I might begin, a Leas-Cheann Comhairle, by referring to your own town of Nenagh where the workers in Castle Brand were robbed and plundered of their legitimate rights by a company which failed to give proper information. Workers who had served the company for years were robbed and defrauded of their entitlements. There is no point in using a euphemism. The purpose of this Bill, brought in under the Vredling 4th EC Directive, was to stop that kind of blackguardism. I am sorry to say that this Bill will not cater for that because it is a cobbled together version of what should have been done. It is trying to defeat the purpose of the Vredling Directive. When that directive was put before the European Parliament in Brussels, Fianna Fáil and Fine Gael Deputies voted to block it. The only Irish Deputies who voted for it were the Labour Party representatives in Brussels. Let that go clearly on the record so that the workers will know the true situation.
I can give practical examples of what is needed. Around 1975-76, I was the representative of the ITGWU at Shannon Airport and we dealt with a multi-national company there manufacturing capacitors. When the 16th national wage agreement was due they refused to pay 200 little girls their entitlements under the agreement. They paid three fitters the money involved but they gave it, mar dhea, for commissioning machinery. They paid the exact amount specified in the agreement but they did not call it that. Under the terms of the national wage agreement, contrary to what Deputy Mac Giolla said — apparently he is not clear about the matter — there was a provision that where a company pleaded inability to pay, the Government or the Labour Court could appoint an assessor to examine the books of the company, not just of the subsidiary here, which was deliberately cooking the books to show a loss perhaps when it suited them, but of the parent company which could be raking in profits, huge by international standards. In one case, Butteknit, a textile company, refused to pay a wage increase on the grounds that it was paying more than anybody else. However, when the assessor went to London and examined the profits of the parent company the Labour Court directed the company here to pay the increases.
I now wish to refer to Callans International, the company which refused to pay the national wage agreement to 200 girls and refused to disclose information to the workers. In America they had contracts from the government for space technology and offshore marine and oil developments and yet they could not pay 200 girls here. When we took them to the Labour Court they brought in what is recognised as the outstanding legal company in this country to try to beat us although we had nobody but ourselves. When we won the case, they pulled out of the country and the State had to pay the girls the redundancy money which was due to them. Why did all this happen? Because of a decision that was taken that year in America during the so-called recession that, as a matter of policy, they were not paying any increases to their American employees and we suffered as a result. The workers, who are the most important unlisted asset in any balance sheet, can be dismissed and thrown out of their jobs. They may include fathers of families who have invested their lives in a company and given loyal service for 30 or 40 years. A group of directors of the parent company somewhere abroad, who would not even know where Ireland is, can take a decision to dump the workers here.

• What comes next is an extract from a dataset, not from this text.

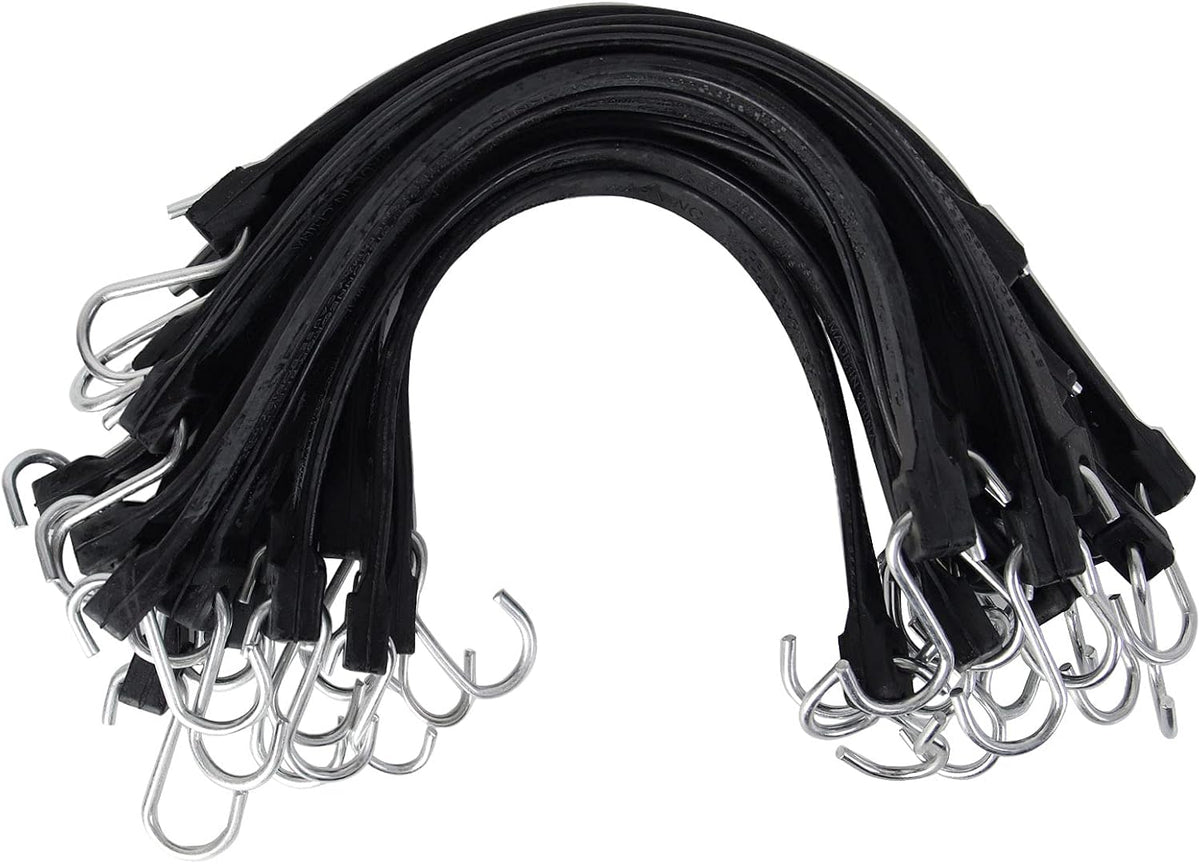 XS35002 20PK 100% EPDM Bungee Cords 15" Natural Rubber Tarp Straps Weatherproof Heavy Duty Elastic Tie Downs with Metal Crimped S Hooks for Securing Flatbed Trailers, Camping, Canvases, Cargo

I was listening to Deputies on this side of the House this morning and it made me sick to hear them talking about confidentiality. Indeed, Deputy Flynn on the other side of the House was on about the same thing. He was saying that we should not expect companies to tell us too much because it might interfere with confidentiality. People who speak in this House should know what they are talking about. The concept of worker participation or codetermination began in Germany after World War II and it is a matter of record that breaches of confidentiality were never an issue at that level. If there are any breaches of confidentiality it is not the ordinary workers who make them. Some of the apologists here who stood up for the companies might be familiar with the phrase "industrial espionage". It is the people at the top who have access to secret information and who sell it to other companies. It makes me sick to hear people here advocating that we should not ask Irish companies to disclose their business. We are asking fewer than 150 companies out of a total of 75,000 to disclose this information. The whole thing is a joke.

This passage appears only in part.